Tem um ponto que eu acho que é muito legal não só nesse livro, na sua obra inteira, assim, que é a autoironia. O quanto ela é importante para a sua escrita e como você chegou neste lugar?
Venho dessa família muito de autoirônica, de se zoar o tempo inteiro. A minha mãe é assim, e eu sou a mais de todos ali, com certeza absoluta. Venho de uma família que ri muito um da cara do outro. E muito nova, eu começo a gostar de Woody Allen, o que hoje em dia é perigosíssimo. Mas eu era obcecada por ele minha juventude inteira, então esse humor autodepreciativo é uma coisa de que eu gosto. Sempre fui muito obsessiva e neurótica, desde criança, muito pensamento intrusivo. Eu percebia que o que me tranquilizava e me fazia relaxar era que quando eu contava para alguém as coisas que estava pensando, a pessoa tinha um ataque de riso. E sempre que alguém ria, eu ficava em paz. Depois, já com pouco mais estratégia, quando eu entendi que eu seria uma escritora autobiográfica, saquei muito rapidamente que só poderia ser perdoada, ainda mais sendo mulher, se estivesse falando de mim mesma de um lugar de queda, de falha, de furo, de buraco. Primeiro eu já tinha esse prazer imenso, eu adoro me esculachar nas colunas, nos livros. Depois porque já que ela vai fazer um livro de 100 páginas falando dela, que pelo menos seja para se esculachar, porque senão é impossível ler. Se eu tivesse feito um livro sobre a trajetória da heroína, seria insuportável. Você atura um livro militante de trajetória da heroína só de uma mulher preta periférica, mas ser for mulher branca você dá um tiro, né? Especificamente para esse livro, eu preciso rir de mim, porque eu me tornei a elite intelectual com grana. Então, eu tô rindo, eu tô rindo dos outros com esses códigos, mas eu tô rindo porque eu me tornei isso, né? Seria injusto eu não me não me colocar nesse meio.
Essa é uma leitura muito minha, mas eu vi A Boba da Corte também como um livro de amor.

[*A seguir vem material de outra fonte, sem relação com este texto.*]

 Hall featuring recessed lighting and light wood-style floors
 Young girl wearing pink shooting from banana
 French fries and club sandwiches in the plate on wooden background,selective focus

Ah, total, total. Você não sabe como foi sofrido escrever esse livro. Eu mostrei para umas três amigas e falei: “Cara, você acha que eu vou magoar?” Elas falaram: “Não, eu acho que você tá até exagerando no tanto que você ama. Você dá umas duas zoadas, mas basicamente você diz que a pessoa é o maior amor na vida e o melhor o sexo da sua vida. Então, se magoar, é porque a pessoa não entendeu o livro.” Isso de certa forma me liberou, sabe? Porque eu nunca senti isso na minha vida. Sempre caguei na cabeça de todo mundo, expus, não tava nem aí. Essa foi a primeira pessoa que eu falei: “Eu não vou conseguir.” O livro pronto, a editora querendo mandar para imprimir e eu chorava e falava: “Eu não posso fazer isso, amo ele, não posso.” Aí decidi mandar o livro para ele. Sei que não deve ter agradado, mas a hora em que ele falou que tudo bem lançar, parece que tirou um demônio de cima das minhas costas, entendeu? E, assim, eu dou risada de quem eu amo, né?